Last week, Lee wrote about “realizing our own worthiness and the profound impact that it can have on our thoughts, feelings, and actions.

To me, Aaron, realizing our own worthiness means understanding the perfection of the fact that we are what we are in this moment, right now, with all of our gifts, our wounds, and defenses—and it couldn’t and shouldn’t be any other way. All parts of ourselves, our full humanity, are totally welcome and inherently lovable.

Therefore, when we bring our worthiness into action, we simply express ourselves authentically in this moment, and in this moment, and in this moment, and we look at ourselves sincerely with an intention to see and work through our stuff to be the best person we can be. We affirm our honest self instead of acting only from defenses and strategies.

When we inevitably mess up and our defenses get the best of us, we admit it and own it. Through this practice, we cease to be so concerned with the times that we are not given our due respect or affirmation because we know that people’s responses to us, much of the time, have nothing to do with us.

However, most of us don’t act like this in relationships. Instead, we try to manage how we are seen to get what we think we want or what we think is the blueprint of a good romance. We get very caught up in people’s responses. Our love lives frustrate us greatly.
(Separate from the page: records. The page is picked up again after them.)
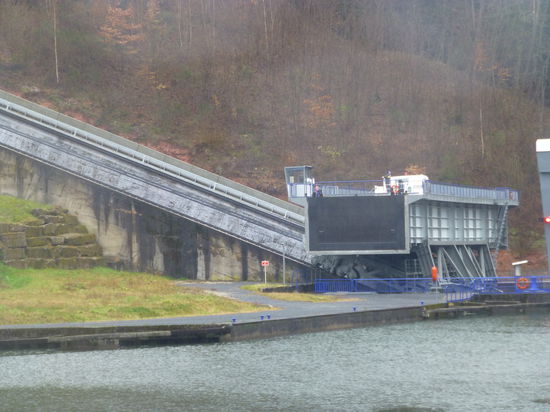 In dieser Box werden die Schiffe nach oben befördert
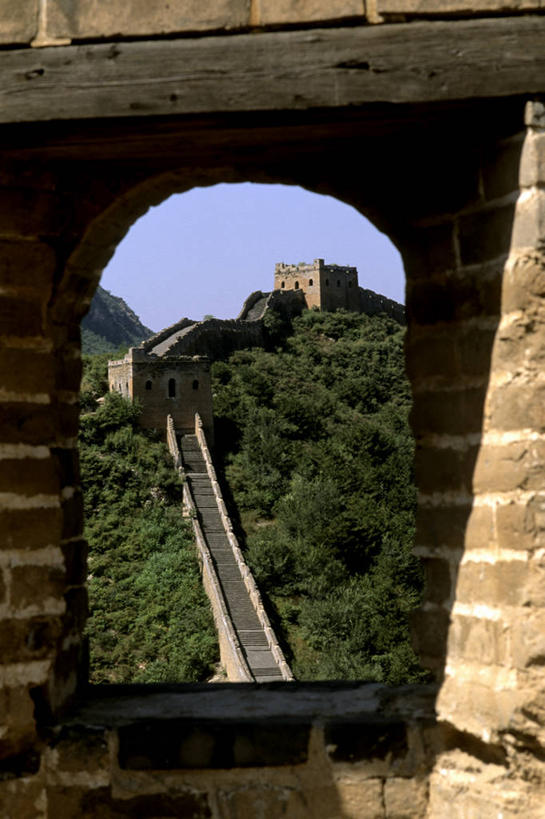 无人,竖图,室外,白天,山,建筑,长城,石墙,地标建筑,摄影,窗框,中国文化,司马台,彩图,旅行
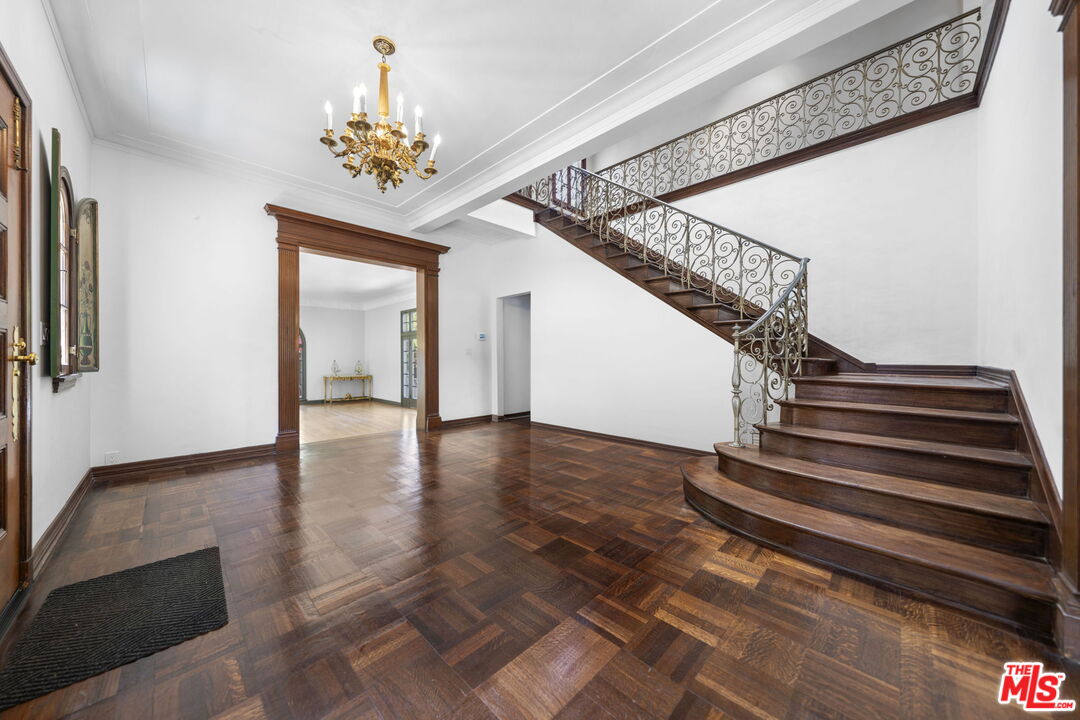 1004 N Beverly Dr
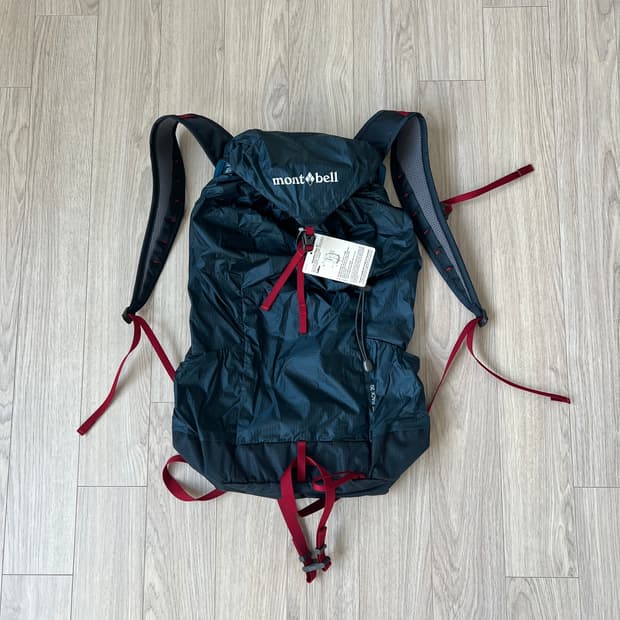 (새상품) 몽벨 버사라이트 팩 20 백팩 블루 블랙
When we are single and love isn’t going our way, the maxim is: “You gotta put yourself out there!” This sentiment illustrates that the problem isn’t with us but with what’s around us. If we just keep doing what we are doing, we think that eventually these strategies will work.

However, in practice, they never really work. When we put ourselves out there and meet new people, the pressure makes us tend to forget that we are worthy of love just as we are. Therefore, we relate to those people from a foundation of unworthiness, using mostly our defenses. Then either everyone becomes right for us or no one does.

In both scenarios, there is no real discernment and no feeling of inner satisfaction or value for anyone. The relationship either never really begins, or it becomes a partnership built on falseness that is bound for a rough ending.

So really, it’s not that we need to keep putting ourselves out there. We need to put ourselves in here. We need to look at what gets in the way of realizing our own value when interacting with others.

We put ourselves in here to learn about who we are: our fears, our traumas, our relationships with our parents, and how all of these factors contribute to what type of people we attract and how we relate to them once we’ve attracted them.

When we understand ourselves in this way, it frees us up to access our own worthiness more easily, and we can interact authentically, knowing that we’re already enough. We discern whether someone is a good partner for us or not, we more easily find the right person, and from there, we create the best relationships possible with another worthy, fully human person.

So, my invitation for you this week is to go in here, whether you are in a relationship or not, as an access point to know your own inherent value.